If you can qualify for a business loan, the lower cost and business use of funding makes sense. But if you can’t get a business loan or don’t qualify for the lowest rates, a personal loan offers another option to get the funding your business needs.
Pros to using a personal loan for business
There are several pros of using a personal loan for business purposes:
- Fast funding: Many personal loan lenders offer same-day funding so borrowers can quickly handle business expenses.
- Lenient lending requirements: Compared to business loans, personal loans are easier to qualify for because lenders won’t scrutinize your previous business experience, your company’s finances or how long it’s been open.
- No collateral required: Unsecured personal loans don’t require collateral, so you can qualify even if you don’t have valuable assets. However, unsecured business loans can be difficult to qualify for.
- Reasonable repayment terms: Repayment terms for personal loans can range from two to 10 years.
Cons to using a personal loan for business
There are also cons of using a personal loan for business purposes:
- High interest rate: Personal loan interest rates range from 6.5 percent to 36 percent, but the average rate is 12.58 percent. By comparison, the average interest rate for business term loans range from 7.33 percent to 7.99 percent .
- Low borrowing limits: Depending on the lender, personal loan amounts are capped at $100,000, while business loan amounts can reach $5 million.
- No impact on business credit: Payment history for the personal loan has no impact on your business credit. That could be a good thing if you miss payments, but it’s a bad thing if you want to build your business credit.
- Personal credit score is at risk: Late or missed payments can lower your personal credit and prevent you from getting approved for other types of personal credit, such as credit cards and auto loans.
How to get a personal loan for business
The application process for a personal loan may be less involved than a business loan since the loan requirements are fewer.
Here are the steps to securing a personal loan for business use:
- Confirm your credit score: Understand your credit score’s impact on loan approval, rates and terms. If you’re afraid your score is too low, raise it before applying or consider applying with a co-borrower.
- Prequalify: Prequalification allows you to discover potential rates and terms without affecting your credit. Compare and assess loan types, rates and terms across lenders to determine which one offers you the best loan terms
- Apply: After comparing lenders and loan offers, choose a lender and apply. Be prepared to submit the necessary documentation for identity and income verification.
- Finalize: Upon approval, read through the loan agreement carefully and sign loan documents to receive funds.

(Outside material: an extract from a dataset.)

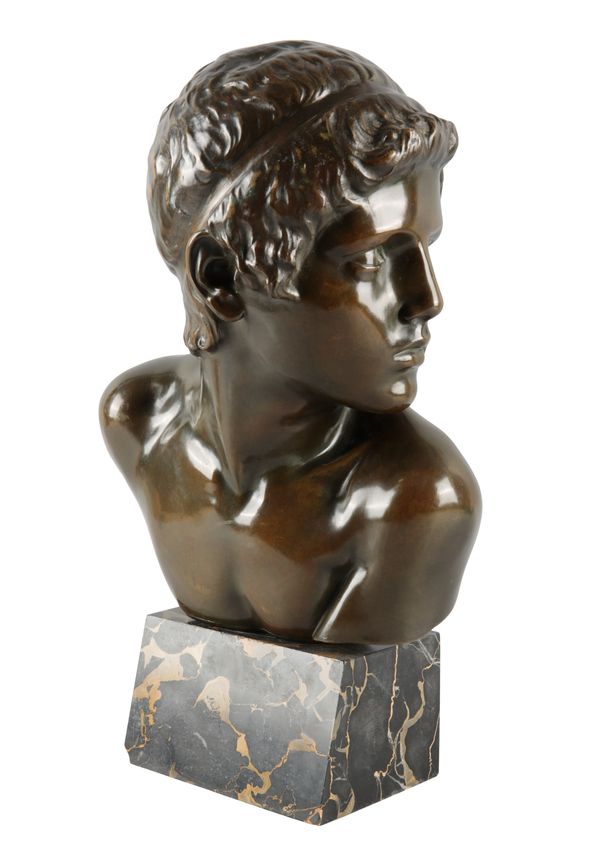 AFTER CONSTANT ROUX (1865-1942) 'The Young Achilles'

Alternatives to personal loans for businesses
If you’re not sure that a personal loan is right for you, consider what other funding options align with your business’s needs and goals. Alternatives to personal loans for businesses include:
Some of the best small business loans are alternative loans, available from an online lender instead of a traditional bank. These loans often fund within days and may have more accessible requirements than traditional bank loans
The bottom line
While securing a business loan to cover various financial obligations would be ideal, that isn’t an option for all businesses. A personal loan could be the answer to your funding troubles because they offer easier qualifications to get approved. However, personal loans may have lower loan amounts and higher interest rates than business loans. Be sure you explore the different types of business financing options before settling on a personal loan for business use.